Arleta looked at the woman over the top of her glasses. She had had twenty-twenty vision all her life, and now at seventy-six, she had to break down and get these geezer glasses. She took comfort in the fact that the spectacles were just for reading and that they had jewels on them.
The woman slumped into the chair beside Arleta. Her leather jacket had a patch on it that made reference to a Christian motorcycle organization. “I like your glasses.”
Arleta touched the rhinestones on her cats-eye frame. “If you’re going to go blind, you might as well go blind in style.”
“I won’t bother you for long.” The woman angled her head to get a better view of the counter. “They’re a little backed up. I’m just waiting for my hot tea and Italian soda. I get tired if I stand too long.” The woman took her hat off. The clarity in her eyes overpowered her distorted features.

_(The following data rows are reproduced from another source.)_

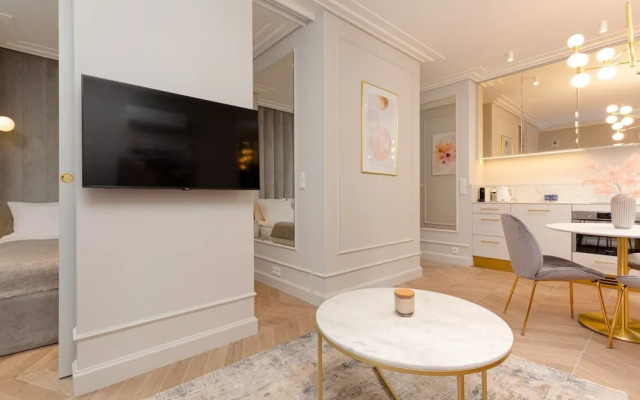 Mennica Morganit by Renters Prestige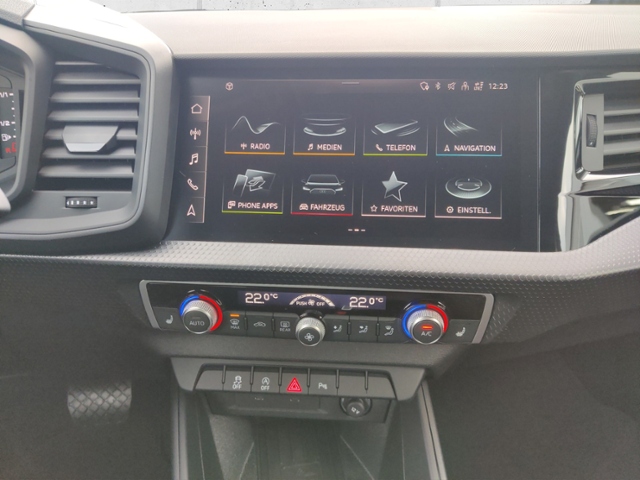 A1 Sportback 25 TFSI 70(95) kW(PS) S tronic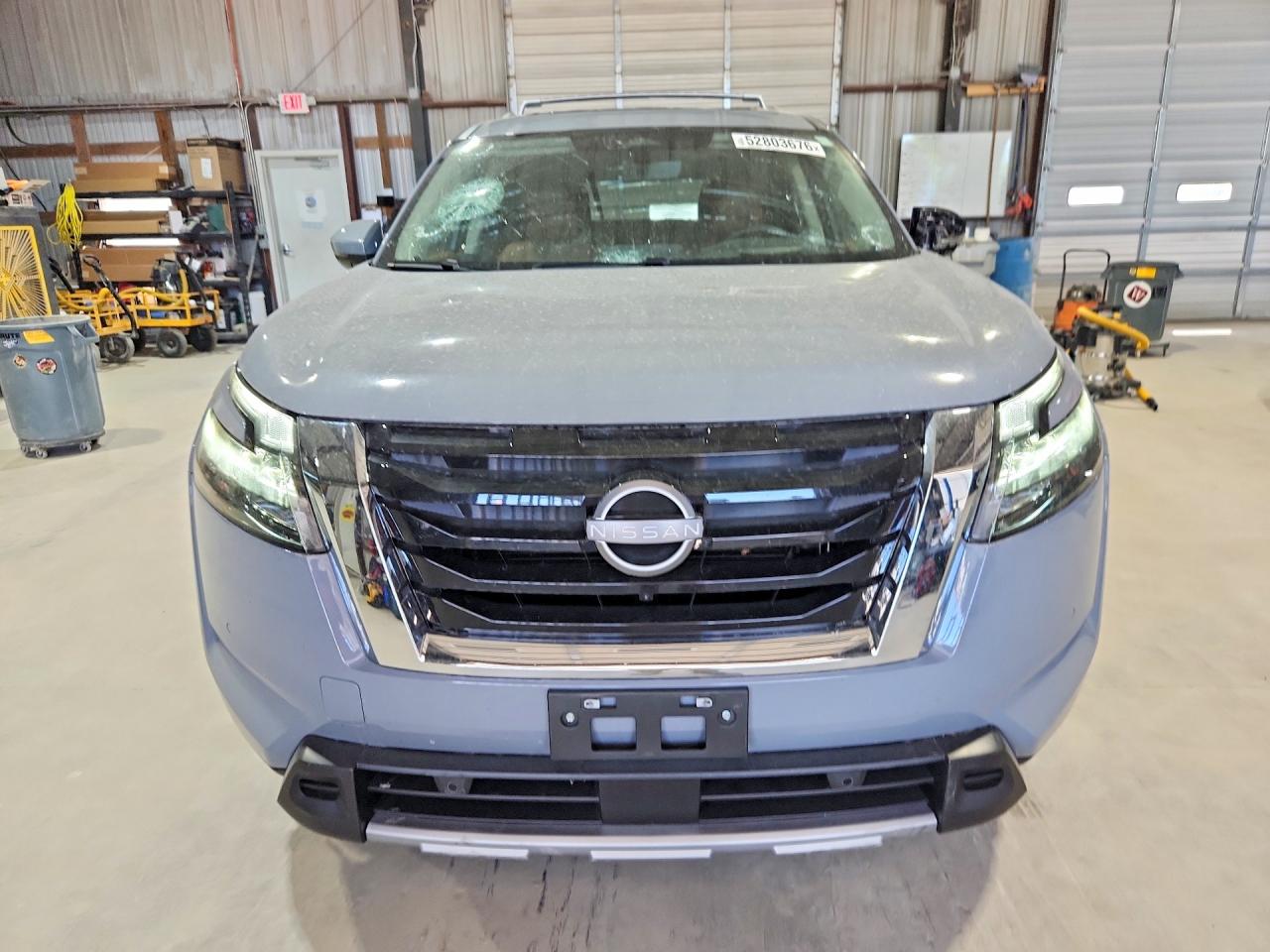 Nissan Pathfinder Platinum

The effect was subtle, but it looked as though her skin had been pulled and stretched over her skull.
The woman touched Arleta’s wrist. Her fingers were puffy and blue. “I’m sorry. I didn’t mean to freak you out. I have a disease that causes my skin to thicken and my hair to get thinner.” Her lips seemed frozen.
“You didn’t—” She must have shrunk back from the woman without realizing it. “Okay, you did freak me out … a little.”
The woman laughed a sort of trilling laugh, like birds singing. “I’ve been looking at this face in the mirror for a while. I forget that it shocks other people.” She put the hat back on. “So are you from Calamity?”
“Just visiting. We came for the outlet shopping, and one of my friends has a husband who was supposed to do the Inventor’s Expo.”
“I live in northern Nevada. Came here to have a talk with my ex-husband about our son. I don’t know why I’m telling you this.” The woman shifted slightly in her chair. “I don’t know anyone else in this town, and you have a kind face. I have to have one of those difficult talks with my ex. I’m meeting him at a bench out by the gondolas. This place is so busy all the time. He said it would be quieter out by the lake. I’m sorry, I am babbling because I’m nervous.”
Arleta patted her hand. “It’s all right.”
The woman traced the grain of the wood in the table. Her finger moved in slow hypnotic circles. “I suppose it all happens for a reason, even these difficult talks. It all works together for good. That’s what God says, anyway.”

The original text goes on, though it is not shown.